§ **TASK BRIEF**: Starting at the line with "エレコム 充電専用Micro-USB(A-MicroB)ケーブル MPA-AMBCRL08BK", retype every line through the end of the listing exactly as written, and nothing before it.

§ **RECORDED INFORMATION**:
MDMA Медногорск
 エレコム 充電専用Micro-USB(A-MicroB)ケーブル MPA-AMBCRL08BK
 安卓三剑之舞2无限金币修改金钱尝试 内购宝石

§ **WRITTEN ANSWER**:
 エレコム 充電専用Micro-USB(A-MicroB)ケーブル MPA-AMBCRL08BK
 安卓三剑之舞2无限金币修改金钱尝试 内购宝石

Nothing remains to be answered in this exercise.